Mam stepped down last month from the U.S. foundation, which is dedicated to eradicating the trafficking of women and girls in Southeast Asia, after the organization received the results of its own investigation by a law firm. The foundation now plans to change its name. Mam stands by her account.

A lucrative enterprise

Sam Soy, 27, who spent more than seven years in the orphanage in Phnom Penh where Theary, the university student, lived, described it as a moneymaking enterprise for its owners.

The orphanage director threatened to withhold food if Soy did not appear pathetic for visitors.

When tourists came to the orphanage, Soy said, the children “were trained to say: ‘I have no food to eat. We have many, many mosquitoes. We have no rice.’ ”

When tourists sent donations of rice or mosquito nets, the director would sell them for cash, keeping the proceeds for herself, Soy said.

The former head of the orphanage could not be reached for comment.
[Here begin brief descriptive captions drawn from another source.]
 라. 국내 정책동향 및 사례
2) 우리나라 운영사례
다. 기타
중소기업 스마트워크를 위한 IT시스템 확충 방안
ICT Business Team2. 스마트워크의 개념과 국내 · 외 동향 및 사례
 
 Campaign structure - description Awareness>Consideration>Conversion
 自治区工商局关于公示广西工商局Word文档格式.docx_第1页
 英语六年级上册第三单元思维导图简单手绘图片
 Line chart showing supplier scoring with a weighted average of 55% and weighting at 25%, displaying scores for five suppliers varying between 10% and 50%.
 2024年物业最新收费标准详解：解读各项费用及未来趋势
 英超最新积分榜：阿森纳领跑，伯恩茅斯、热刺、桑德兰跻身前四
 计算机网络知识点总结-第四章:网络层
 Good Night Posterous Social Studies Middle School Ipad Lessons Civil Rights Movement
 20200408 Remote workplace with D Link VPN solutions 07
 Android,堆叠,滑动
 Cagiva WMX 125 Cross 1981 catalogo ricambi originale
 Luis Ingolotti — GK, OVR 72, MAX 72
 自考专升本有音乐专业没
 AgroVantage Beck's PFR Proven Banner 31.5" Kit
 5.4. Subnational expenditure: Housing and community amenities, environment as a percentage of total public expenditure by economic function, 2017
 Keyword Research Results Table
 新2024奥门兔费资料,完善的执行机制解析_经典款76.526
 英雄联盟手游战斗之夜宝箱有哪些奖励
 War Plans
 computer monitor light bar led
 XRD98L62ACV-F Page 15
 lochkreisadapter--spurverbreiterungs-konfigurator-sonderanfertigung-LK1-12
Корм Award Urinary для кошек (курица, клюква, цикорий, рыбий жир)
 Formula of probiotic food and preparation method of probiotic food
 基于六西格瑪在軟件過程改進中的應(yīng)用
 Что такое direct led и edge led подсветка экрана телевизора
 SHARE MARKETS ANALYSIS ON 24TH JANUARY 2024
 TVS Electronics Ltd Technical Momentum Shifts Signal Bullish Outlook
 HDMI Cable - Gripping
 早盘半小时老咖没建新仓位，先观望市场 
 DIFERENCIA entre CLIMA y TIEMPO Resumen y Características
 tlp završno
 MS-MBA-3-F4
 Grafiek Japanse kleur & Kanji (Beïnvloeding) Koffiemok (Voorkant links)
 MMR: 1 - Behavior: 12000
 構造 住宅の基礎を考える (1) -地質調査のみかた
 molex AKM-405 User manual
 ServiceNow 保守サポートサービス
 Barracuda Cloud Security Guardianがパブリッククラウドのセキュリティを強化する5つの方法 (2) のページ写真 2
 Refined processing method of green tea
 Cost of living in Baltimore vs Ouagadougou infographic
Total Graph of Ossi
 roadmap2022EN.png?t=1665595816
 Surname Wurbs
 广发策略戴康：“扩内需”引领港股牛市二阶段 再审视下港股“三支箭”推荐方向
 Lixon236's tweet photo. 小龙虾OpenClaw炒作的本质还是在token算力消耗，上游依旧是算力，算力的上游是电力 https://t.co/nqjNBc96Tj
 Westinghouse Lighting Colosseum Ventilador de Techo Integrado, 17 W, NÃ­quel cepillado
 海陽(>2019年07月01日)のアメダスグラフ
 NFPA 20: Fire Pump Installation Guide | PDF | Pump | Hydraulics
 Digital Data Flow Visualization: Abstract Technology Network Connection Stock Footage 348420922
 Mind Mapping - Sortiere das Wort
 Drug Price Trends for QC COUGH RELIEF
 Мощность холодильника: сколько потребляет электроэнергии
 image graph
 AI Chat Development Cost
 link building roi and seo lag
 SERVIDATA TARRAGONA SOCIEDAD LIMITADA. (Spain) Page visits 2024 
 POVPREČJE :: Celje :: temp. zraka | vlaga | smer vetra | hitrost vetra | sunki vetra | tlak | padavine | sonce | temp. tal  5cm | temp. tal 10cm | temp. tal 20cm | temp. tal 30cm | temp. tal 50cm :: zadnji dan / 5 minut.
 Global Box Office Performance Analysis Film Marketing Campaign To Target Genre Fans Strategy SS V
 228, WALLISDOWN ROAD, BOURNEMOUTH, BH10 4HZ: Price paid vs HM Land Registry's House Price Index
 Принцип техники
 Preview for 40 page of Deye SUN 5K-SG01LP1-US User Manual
Among the critics of orphanages are Cambodian officials charged with registering them. Since 2006 the Cambodian government has had a policy of returning children to their communities whenever possible. But law enforcement here is weak, and Oum Sophannara, the director of the child welfare department at the Cambodian Ministry of Social Affairs, said orphanages were often uncooperative. The business is too lucrative, he said.

“They believe that if they can keep the ministry out,” he said, “they will continue to get funding.”